Cardiovascular risk factors in type 2 diabetic patients: Multifactorial intervention in primary care

2005 
Cardiovascular risk factors in type 2 diabetic patients: Multifactorial intervention in primary care. Background Cardiovascular disease is the main cause of morbidity and mortality in patients with type 2 diabetes mellitus (DM). Intervention on cardiovascular risk factors (CVRF) is essential to obtain clinical results reducing the excess of cardiovascular risk (CVR) in these patients.
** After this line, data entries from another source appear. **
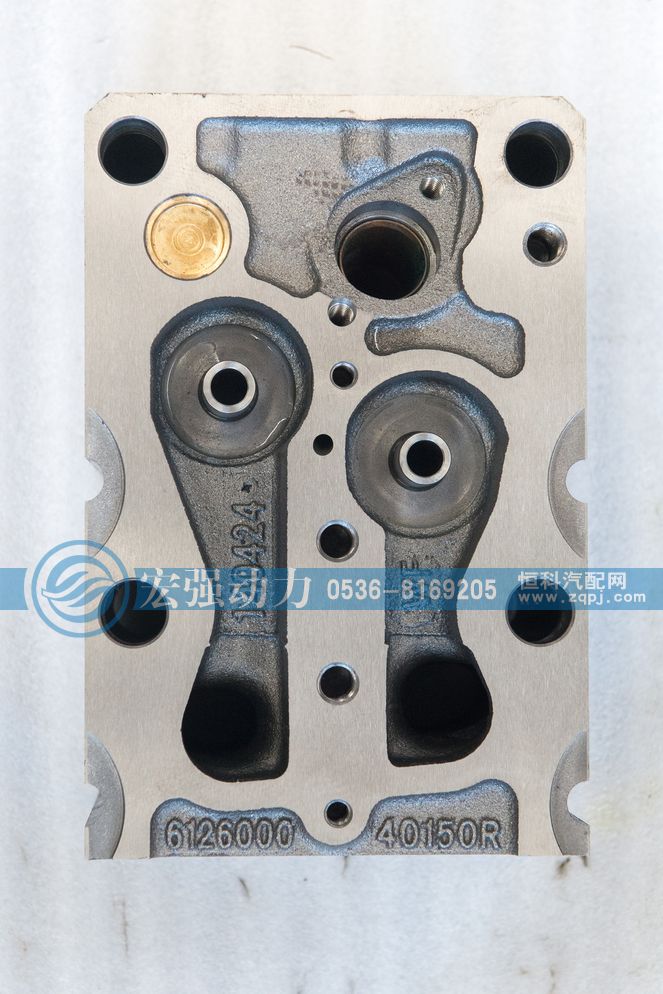 612600040150R,,濰坊宏強(qiáng)汽車(chē)零部件有限公司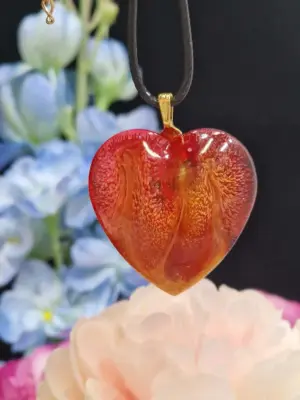 izartshop hart hanger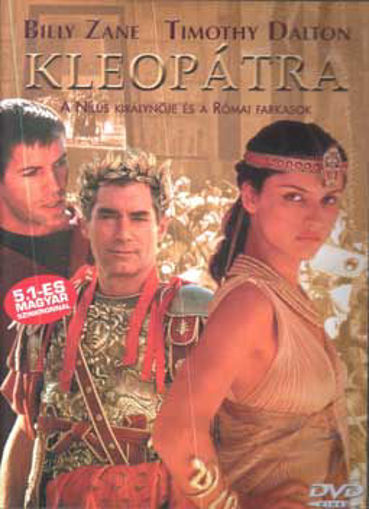 Kleopátra termékhez kapcsolódó kép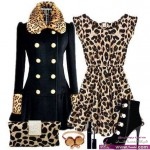 1901179_891775984187323_5323030037196262998_n-150x150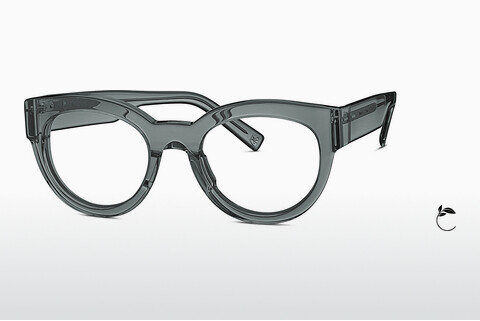 Дизайнерские  очки Marc O Polo MP 503215 30
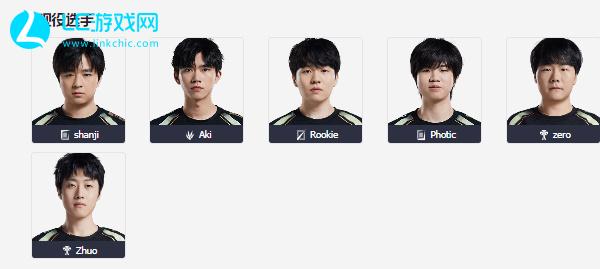 也是马刺重 也是马刺重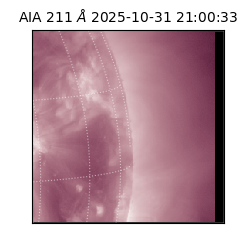 saia - 2025-10-31T21:00:33.624000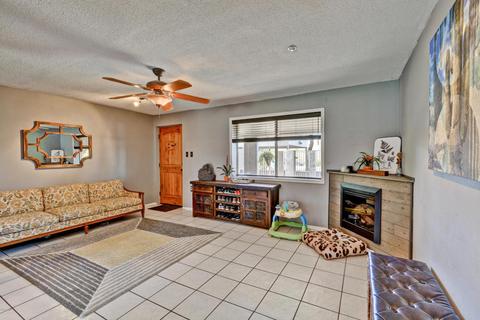 1602 E Aire Libre Ave, Phoenix, AZ 85022 photo 5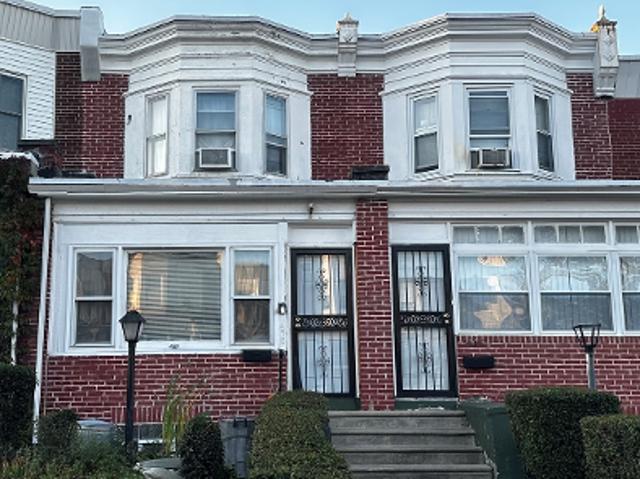 Condo for sale in Philadelphia, Pennsylvania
Methods The objective of this study was to describe the association of type 2 DM with modifiable cardiovascular risk factors and the degree of control of these in a population of type 2 diabetics in attendance in primary care clinics, and also to establish prospectively whether an integral and multifactorial intervention on uncontrolled cardiovascular risk factors, carried out in conditions of routine clinical practice by applying an open protocol, could significantly reduce the estimated CVR according to the Framingham scale. The proposed intervention included both actions aimed at modifying habits, and pharmacologic intervention to achieve an optimum level of control in accordance with international recommendations for the objectives and treatment for type 2 diabetes. Results A total of 3466 patients with a mean age of 58 ± 7.5 years were studied and followed-up for 1 year. Of these, 90.4% of patients had high blood pressure; 60.1% of men and 32.7% of women presented CVR >20% in 10 years according to the Framingham scale by categories. Intervention at 1 year of follow-up had achieved statistically significant reductions in blood pressure, glycated hemoglobin, and lipid levels, but not of patients' body weight. After 1 year of follow-up, 29% of males and 24% of women with a high CVR (>20%) at the start of the study presented reduced risk levels. Conclusion The results of the study demonstrate that an integrated and multifactorial intervention in type 2 diabetic patients can achieve clinically significant reductions in CVR. However, conducted in effective conditions, it is not able to achieve optimum levels of control in spite of the initial proposal, possibly due to some degree of inertia in routine clinical practice.